Temporary Variables
While dealing with data in real world, its noted that level of complexity is higher and it would be better if there is some temporary variable inside the pandas data frame itself where we can store the value of the intermediate result which will hep to easily debug results and at the same time not necessary to save its value while saving data frame to hard disk.
Advantage : Complex data logic can be spitted in to multiple temp variables Easy to debug
Comment From: TomAugspurger
Could you give an example? You're already allowed to add arbitrary attributes to a DataFrame, so you could add a dict and put stuff in there.
Comment From: lijose
This is a sample scenario which comes common in SCD (Slowly Changing Dimension). There are work around for it, but it would be better if there was some temporary variable.
Scenario:
1) Select a list of columns from source data frame
natural_keys = [col1, col2, ...]
2) Apply MD5 function after merging all columns as string and add to temp column the source dataframe (source_df.cdc)

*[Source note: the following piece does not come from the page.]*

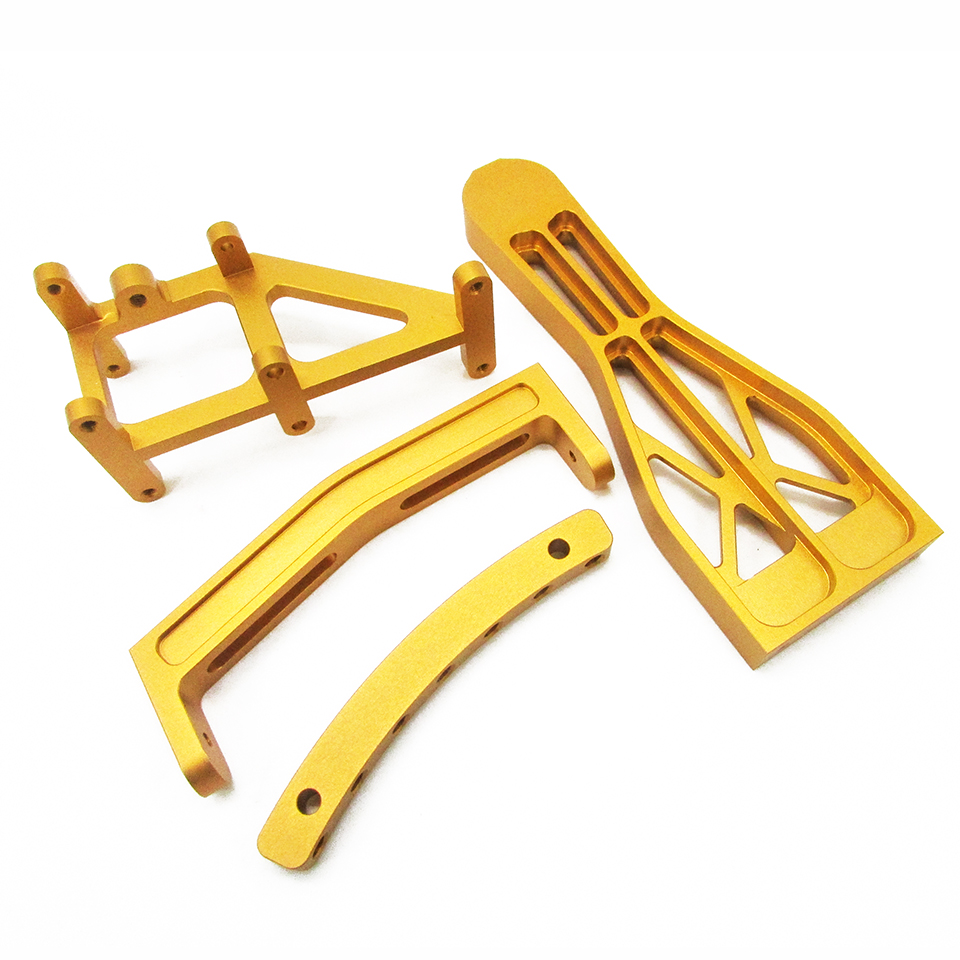 OEM Cnc Milling Anodizing Aluminum Alloy Parts Components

3) Select same set of columns from target data frame
4) Apply MD5 function after merging all columns as string and add to temp column the target dataframe (target_df.cdc)

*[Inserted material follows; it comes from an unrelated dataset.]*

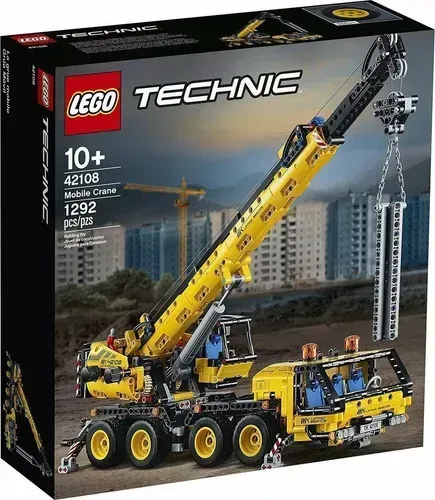 Lego Technic - Guindaste Móvel - ORIGINAL e LACRADO!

5) Compare the cdc column between source and target data frame and set a temp column to specify flag
like values matching : 'NC'( No change )
value not matching : 'U' (update)
value matching : 'NA' (Ignore)
target.cdc is null : 'I' (Insert)
In above scenario step 2, 4 and 5 needs to have a temp variable and no point in saving its value in hard disk.
I hope it clears everything.
Comment From: TomAugspurger
Personally this sounds like a complication to pandas data model, with little gain. We’d then have to define how these are handled in operations, expose them in the UI, ... doesn’t seem worthwhile when the alternative is to drop before writing.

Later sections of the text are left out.